The goal post is made with four plastic water bottles, and the makeshift soccer field is rowdy with a group of children, aged about 11 to 12 years old. Most are sporting the bright red jerseys of Guangzhou Evergrande, the city's soccer team.
In the glowing dusk on a recent Sunday, a young African boy stands out from the crowd. Exaule Ngolo Serge is from the Democratic Republic of Congo, and like his young teammates, he, too, dreams of becoming a professional player in China when he grows up.
But, the young African hopes that it will not be his skin color that attracts attention, but his beautiful passes and swift shots on the pitch.
"People call our living compound here the 'chocolate city'. I don't like the name. It sounds weird to me. Why do people have to stress on our skin tone?" Ngolo Serge complains as we sit talking in the family service center at Dengfeng community in Guangzhou's Yuexiu district.
Dengfeng also happens to have the largest concentration of Africans in the capital of Guangdong province in South China.
In the area's Baohanzhi Street, you can see bustling wholesale markets at the entrance where Africans bargain with Chinese shopkeepers as they buy clothes and electronic products to export to their own countries.
Further down the street, crowds of Africans buy colorful gowns and DVDs of television series and films popular in Africa. Others are congregated around phone booths making calls back home.
Those on a short visit stay in small inns and motels while those planning to stay longer rent apartments from local residents.
Ngolo Serge came to Guangzhou along with his parents in 2009, but when they decided to go home last year, he opted to stay on.
"I can get a better education in Guangzhou. I can learn Chinese and the math here is more difficult," the fifth-grader explains.
"I've made a lot of good friends who also love soccer as I do here in Guangzhou and the community's family service center established a soccer team for us in January."
Soccer helped him get over the initial loneliness and boredom when he first came to Guangzhou and didn't speak Chinese as well as he does now. He used to stay at home killing time with computer games while his parents were out.
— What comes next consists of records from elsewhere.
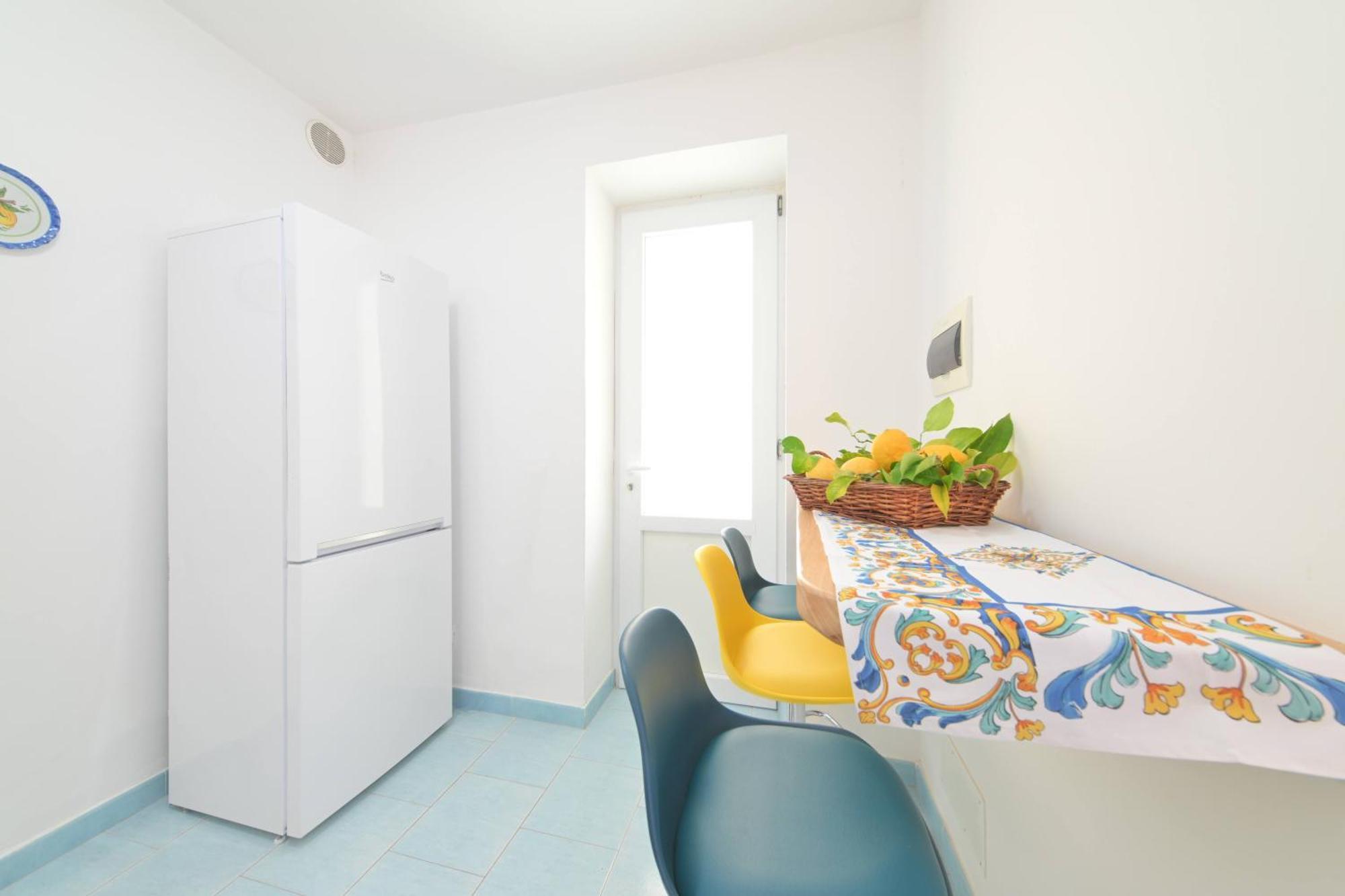 Blu Maronti Apartment Barano dʼIschia Екстериор снимка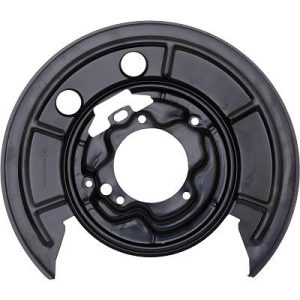 Chapa deflectora, disco de travão Traseiro Direito para Peugeot Boxer 06-14
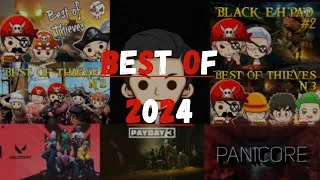 Miniature : Best of youtube #2024 (censuré)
The turning point came one day when he went downstairs and saw a group of children playing soccer. He showed them some of his amazing kicks and the other kids agreed at once that he could join their game.
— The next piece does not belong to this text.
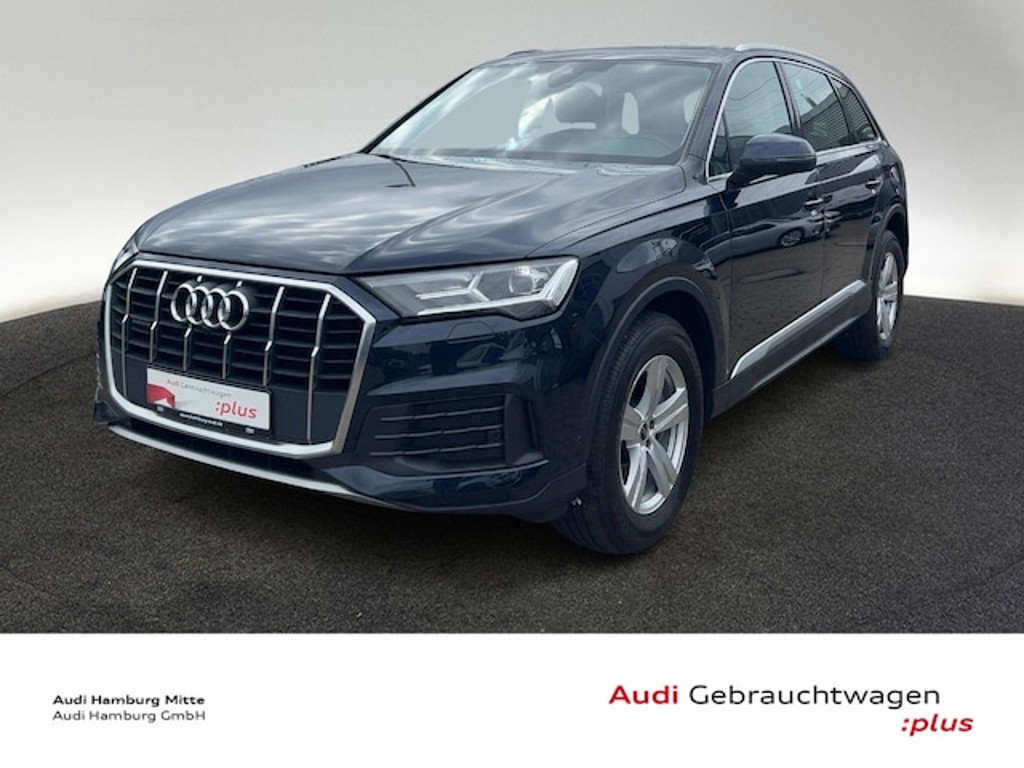 Audi Q7 Quattro 50 TDI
Ngolo Serge looks like a young Mario Balotelli, the Italian soccer star, and in the eyes of his teammates in the Dengfeng youth soccer team, he plays just as well.
"I started playing soccer when I was two years old. Everyone loves soccer in our country. Boys or girls, we all rush to the playground everyday as soon as school is over at 12:30 pm and play soccer until 7:30 pm," Ngolo Serge says.
"We've got more homework here in China and the parents of my Chinese friends usually won't let them out until they finish their homework."
The Congolese boy has won friends not just through his soccer skills. Many appreciate his joyful personality.
Chen Junhan, one of his teammates, says he seldom sees Ngolo Serge get angry and even when he does, he will just sit by the sidelines a while and join the game when he feels better.
"He cares for his friends very much. When I'm upset, he will look at me, make a naughty face and make me laugh," Chen says.
"Honestly, before knowing Xiao Jiang (Ngolo Serge's Chinese nickname), I thought Africa is a scary place with snakes crawling in jungles everywhere. But now I think it is a lovely place where I can meet happy people like him."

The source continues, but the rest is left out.